Director of Education

Research Summary

My research explores new ways of imagining the economy and the politics behind inclusive ideas of value and prosperity successfully framing policy. My starting point is the livelihood strategies of those who are dealing with the contradictory pressures of prevailing economic models on a daily basis, with a particular focus on how women marginalised by gender, race and rurality earn a living in ‘informal’ popular markets. My latest monograph Cash, Clothes, and Construction Rethinking Value in Bolivia’s Pluri-economy, (University of Minnesota Press, 2023) brings experiences of women earning a living in Bolivia’s vast informal markets into dialogue with decolonial and feminist critiques of political economy. It offers a gendered analysis of ‘pluri-economy’ - the concept at the centre of Andean visions of a post-neoliberal, decolonised modernity. The women selling second-hand high street clothes from the USA in the vast peri-urban markets of Bolivian cities; the Aymaran fashion designer of new pollera [traditional Andean dress] fashions who showed her collection in New York fashion week; and the powerful, rich Chola Paceña whose real estate investments, often in cash, are transforming the cultural maps of La Paz and El Alto, all defy the tropes which underpin both orthodox and heterodox conceptualisation of economic value.

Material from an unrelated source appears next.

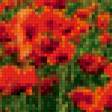 Предпросмотр схемы вышивки «Маковый закат» (№456239)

My first monograph, Social Urbanism and the Politics of Violence, (Palgrave Macmillan 2015), explored the politics behind the ‘Medellín Miracle’, the dramatic reduction in violence experienced in Medellín, Colombia, which has been attributed to inclusive urban planning policies known collectively as Social Urbanism. However, rather than the ‘impact’ of the policies themselves, many involved in the city’s governance emphasise that the apparently miraculous transformation was due to co-ordinated efforts between progressive politicians, academics and activists over decades which had changed the city’s political processes in which violence had become ingrained. I have also published extensively on credit and financial subjectivity, with a particular focus on gender, risk and value. My co-edited collection Seduced and Betrayed: Exposing the Contemporary Microfinance phenomenon (University of New Mexico Press, 2017), includes critical analyses from a range of disciplines of the exclusionary effects of mainstream microfinance lending, and considers alternative approaches to inclusive finance at community and state level. I have also worked on masculinity, risk and the 2008 financial crisis, and am currently exploring how debates around cryptocurrencies recreate gendered notions of value.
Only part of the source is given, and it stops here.